Do we need more evidence that comics are routinely denigrated and underappreciated by the media? When Garry Trudeau’s strip Doonesbury turned 40 last month, a headline in the local daily paper marked the occasion, but labelled it “Doonesbury.” An article in a campus publication at Trudeau’s alma mater repeatedly called the strip “Doonsebury.” And an alt-weekly misspelled the title too, in its table of contents.

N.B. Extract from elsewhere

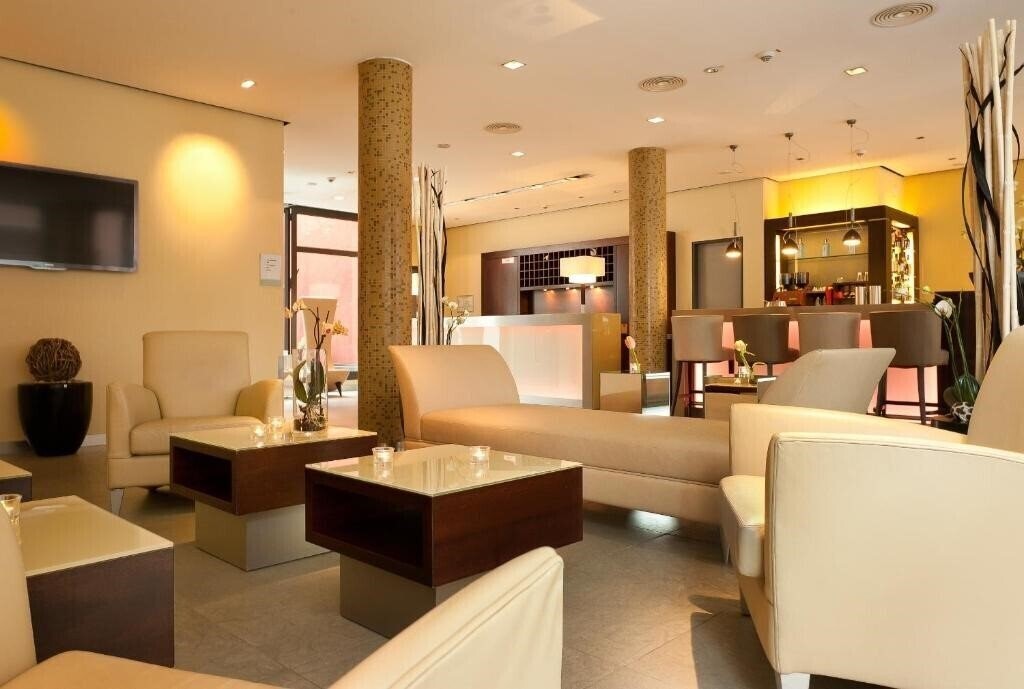 Картинка Hotel Santo Cologne 4*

Four decades to learn how to spell the name of a popular feature that actually runs in some of those very papers, and they still get it wrong. Magazine articles haven’t been much better. The Atlantic got Trudeau to write his own reminiscences of the strip, then lessened the impact of that coup with a shoddy layout. Vanity Fair devoted only a few paragraphs to the milestone, perhaps unaware of how seldom Trudeau allows himself to be interviewed. The only worthwhile interview of a decent length was with Rolling Stone, which has long understood Trudeau, dating back at least as far as its Jimmy Thudpucker cover story of 1978.

Most of the media coverage has had to do with two elaborate coffee table books which marked the anniversary. But again, the angles generally taken have shown a casual dismissal of the strip and its continued relevance and impact. The intimation was that these books were somehow legitimizing Doonesbury by reprinting it in such large quantities. But that overlooks the fact that Doonesbury has been regularly compiled into book form since its very beginnings as an undergraduate offering in the Yale Daily News. Doonesbury books have routinely been bestsellers. And the bigger of the two new coffeetable tomes, the anthology “40,” was surpassed years ago by a volume which included a DVD-Rom of the strip’s entire history. Doonesbury is also comprehensively archived online.

No, Doonesbury has earned proper tributes from properly appreciative writers, and deserves better treatment.

The longevity is indeed astonishing. Of the long-running top-flight strips which essentially died with their creators (as Trudeau has promised Doonesbury will),  George Herriman’s Krazy Kat klocked 31 years, Milton Caniff’s Steve Canyon flew for 41 and Charles Schulz’s Peanuts punted eight months short of a full 50. If Trudeau stays as fit as he looked when speaking at Yale earlier this month (he’s 60, and looks mid-40s) it’s a safe bet that Doonesbury will last another decade and surpass Peanuts. That’s assuming, as Trudeau worried in his talk, that there will still be newspapers around to print the strip.

But Doonesbury’s continued popularity, relevance and controversies are even cooler than its turning 40. The Simpsons is 23 and lost its cultural cred many seasons ago. Saturday Night Live? Aside from Tina Fey’s guest shots, forget it. Doonesbury remains some of the most vital social satire to be found in the mainstream media, regardless of when it began.

Trudeau, it appears, takes both the kudos and the cluelessness in stride. He’s too humble, or modest, or reclusive, to show concern about how his work is being perceived in the media these todays. He’s fought battles with editors, publishers and feature writers in the past about how the strip is represented, but rarely and only when his reputation seemed at stake.

After all, it’s clear that the cartoonist’s millions of readers get it just fine. Their polite yet passionate adulation was unmistakable when Trudeau and his biographer Brian Walker signed books at the Yale Barnes & Noble bookstore prior to his Nov. 3 lecture at the Yale Art Gallery.

That talk, a prepared presentation which dovetailed with another tribute to Trudeau—the “Doonesbury in Time of War” exhibit at Yale’s Beinecke Library—didn’t alter its war themes for celebratory remarks. So maybe Trudeau’s happy to downplay his own achievements as well. Perhaps I shouldn’t even point out the final indignity—that when the Beinecke held a post-lecture reception for Trudeau, it was clear across the building from where his Doonesbury strips were being exhibited.